Mirek Riedewald, University of California, Santa Barbara USA USA USA
USADivyakant Agrawal, University of California, Santa Barbara
USAAmr El Abbadi, University of California, Santa Barbara
Data cubes are ubiquitous tools in data warehousing, online analytical processing, and decision support applications. Based on a selection of precomputed and materialized aggregate values, they can dramatically speed up aggregation and summarization over large data collections. Traditionally, the emphasis has been on lowering query costs with little regard to maintenance, i.e., update cost issues. We argue that current trends require data cubes to be not only query-efficient, but also dynamic at the same time, and we also show how this can be achieved. Several array-based techniques with different tradeoffs between query and update cost are discussed in detail. We also survey selected approaches for sparse data and the popular data cube operator, CUBE. Moreover, this work includes an overview of future trends and their impact on data cubes.
For modern data warehouses it is common to manage Terabytes (Tb) of data. According to a survey by the Winter Corporation (2001), for instance, the decision support database of SBC, a telecom company, reaches a size of 10.5 Tb. Furthermore, 17% of the surveyed companies expect a tenfold increase of the size of their databases over the next three years. Already today retail companies like Kmart and Wal-Mart prepare their data warehouses to accommodate dozens of Terabytes of business data.

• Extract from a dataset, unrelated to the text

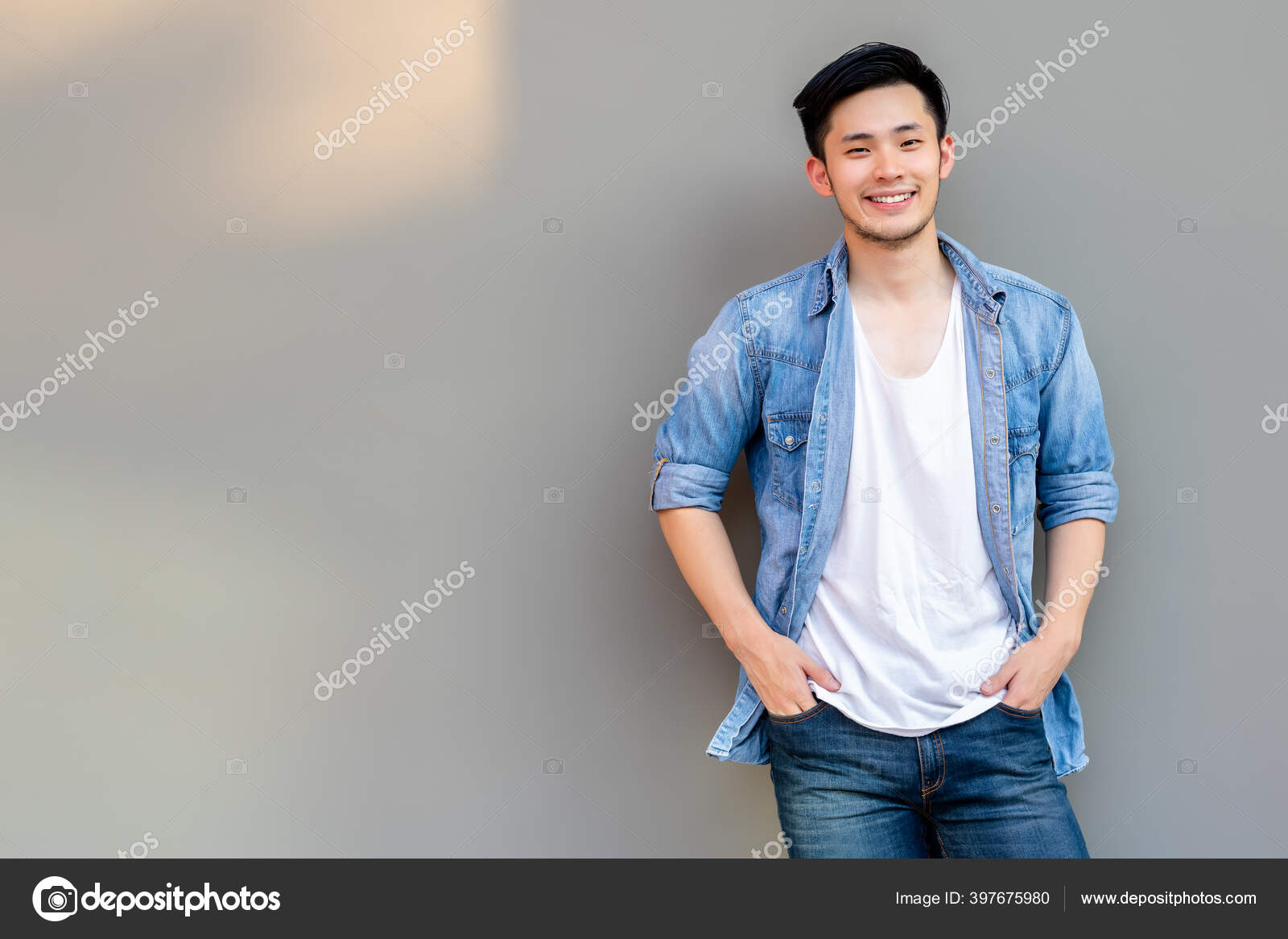 Portrait Handsome Asian Man Cool Guy Get Happy Time Life Stock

Human analysts cannot "digest" such large amounts of information at a detailed level. Instead they rely on the system to provide a summarized and task-specific view of some part of the data. Consequently, efficient summarization and aggregation of large amounts of data play a crucial role in On-Line Analytical Processing (OLAP) and Decision Support Systems (DSS). Such aggregated information is often maintained in data cubes which also provide an easy-to-understand conceptual model. Queries can be described as regions in the data cube. Pre-computed aggregate values that speed up query execution for group-bys, cross-tabs, and subtotals can be easily included in the model (e.g., CUBE operator as proposed in Gray et al., 1997).
The primary goal of data warehouses is to support data analysis, i.e., queries. Update costs were often considered to be unimportant. Hence systems are typically oriented towards batch updates which are applied to the warehouse during times of low system load, e.g., overnight. The corresponding data cubes would be batch-updated as well, or even be re-computed from scratch. However, for very large data collections, incrementally maintainable dynamic data cubes are clearly preferable. There are several arguments why there should also be data cubes that support efficient single updates, not only in large batches.
Batch updates might effectively reduce the average cost per operation, but processing the whole batch makes the data cube inaccessible to analysts for a long period of time. Today businesses demand a 24/7 availability of their important data, hence finding a suitable time slot for a large batch update window becomes increasingly difficult. In most applications, especially decision support and stock trading, having the latest information incorporated as early as possible can give a decisive advantage over competitors that have to wait for an overnight batch update processing. Also, OLAP is inherently an interactive information exploration process that includes what-if scenarios. What-if analysis requires real-time and hypothetical data to be integrated with historical data for the purpose of instantaneous analysis and subsequent action.
One possible solution to address the above concerns is to use additional data structures that temporarily maintain updates until they are applied to the cube in a batch or lazy manner. In contrast, this chapter examines truly dynamic solutions that do not require batch processing and additional update structures. The presented techniques offer different tradeoffs between query, update, and storage costs, allowing an administrator to find the matching approach for each application. We mainly focus on array-like structures, but will also mention alternative approaches for sparse and high-dimensional data. It will be shown that efficient queries and updates can both be supported for multidimensional data cubes.